Yosef also objected to the inclusion of Reform and Conservative representatives on a panel that would appoint the rabbinical judges for conversion under the new Israeli system.
“Just the fact that Reform representatives are involved in the committee to appoint conversion judges is totally inappropriate and therefore this document must be rejected out of hand,” said Yosef.
“This law must be buried,” the Sephardi chief rabbi said.
Lau said the new system would “create the illusion for people that if they receive a certificate, this is what will turn them into converts.”
“This is an opening toward assimilation and will bring the destruction of Judaism that is happening in the [rest of the] world to the holy land,” said Lau. “The Chief Rabbinate has for years made an effort to see that conversions will be only in accordance with halacha [Jewish law], without outside considerations.”
Along with the chief rabbis, religious Zionist rabbis — including Safed Chief Rabbi Shmuel Eliyahu, Rabbi Tzvi Yisrael Tau, Rabbi Mordechai Shternberg, and some 20 others — signed a letter to Netanyahu asking him to reject Nissim’s suggestions.
“We, the rabbis of Israel, regard with concern the danger to the unity of the Jewish people as a result of the proposals for reform in conversion which include the appropriation of conversion from the Chief Rabbinate and the recognition of Reform and Conservative conversion,” the letter said.
“We call on all members of the Knesset and all the cabinet ministers to do everything in their power in order to stop the conversion reform, which is likely to cause assimilation, disintegration and division in the Jewish people, similar to what is happening, to our chagrin, in many Reform and Conservative communities abroad.”
Nissim’s proposal reportedly envisions a state body led by an official appointed by the president of the rabbinical court and the chair of the Jewish Agency.

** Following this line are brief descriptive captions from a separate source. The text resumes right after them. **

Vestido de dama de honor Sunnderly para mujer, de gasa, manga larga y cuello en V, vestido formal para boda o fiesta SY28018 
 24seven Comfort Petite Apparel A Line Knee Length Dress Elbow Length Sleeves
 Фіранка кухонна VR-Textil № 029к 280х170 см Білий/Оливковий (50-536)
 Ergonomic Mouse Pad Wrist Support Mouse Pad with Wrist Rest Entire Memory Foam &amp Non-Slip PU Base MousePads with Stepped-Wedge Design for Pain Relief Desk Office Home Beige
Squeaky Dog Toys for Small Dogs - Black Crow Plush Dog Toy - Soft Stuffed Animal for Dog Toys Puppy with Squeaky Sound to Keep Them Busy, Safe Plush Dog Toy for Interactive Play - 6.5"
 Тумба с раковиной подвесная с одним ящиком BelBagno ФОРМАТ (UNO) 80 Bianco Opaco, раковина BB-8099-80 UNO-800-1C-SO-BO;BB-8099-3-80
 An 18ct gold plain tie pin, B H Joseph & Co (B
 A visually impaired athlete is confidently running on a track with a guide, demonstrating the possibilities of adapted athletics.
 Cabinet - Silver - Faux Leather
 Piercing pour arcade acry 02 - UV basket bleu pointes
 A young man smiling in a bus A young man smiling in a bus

There will be five conversion centers across the country manned by Orthodox officials and all conversions will be based on Orthodox Jewish law. The rabbinical judges will be chosen by a panel of 11 including the prime minister, the justice minister, the chief rabbis, and the chair of the Jewish agency. Crucially, the panel will not have a defined Orthodox or ultra-Orthodox majority and will give voice to the Reform and Conservative movements, too.
The controversial clause of Nissim’s proposed bill lays down that conversions carried out by “a recognized Jewish community abroad” will be recognized for the purpose of the Law of Return, which grants Israeli citizenship, even when they were not done in accordance with Orthodox Jewish law.
But according to Dr. Yizhar Hess, the head of the Conservative movement in Israel, the proposed reforms herald little change for non-Orthodox Jews.
“It must be admitted that the report by Moshe Nissim is revolutionary to a considerable extent,” Hess said in a statement. “Removing conversion from the hands of the chief rabbinate in favor of a separate independent conversion authority is welcomed.”
However, he lamented, the new state-run conversion authority would retain Orthodox control over conversions to Judaism.
“Any legislation that enshrines the Orthodox monopoly, even if it is liberal to some extent, means further humiliation to million of non-Orthodox Jews,” he said. “Have we not had enough of that over the past two years?”
The proposed law, one of several attempts to legislate conversion, comes on the heels of several High Court cases that have slowly broadened the state’s definition of who is a Jew — and therefore who is eligible to become an Israeli.
In March 2016, the High Court decided that non-Israelis who were converted in Israel by private, mostly ultra-Orthodox, rabbinical courts outside of the Israeli Chief Rabbinate could seek Israeli citizenship.
Nissim began working on his report last September. According to the Walla news site, his final conclusions and suggested changes in the law were signed off on by some senior religious Zionist rabbis.
Amanda Borschel-Dan contributed to this report.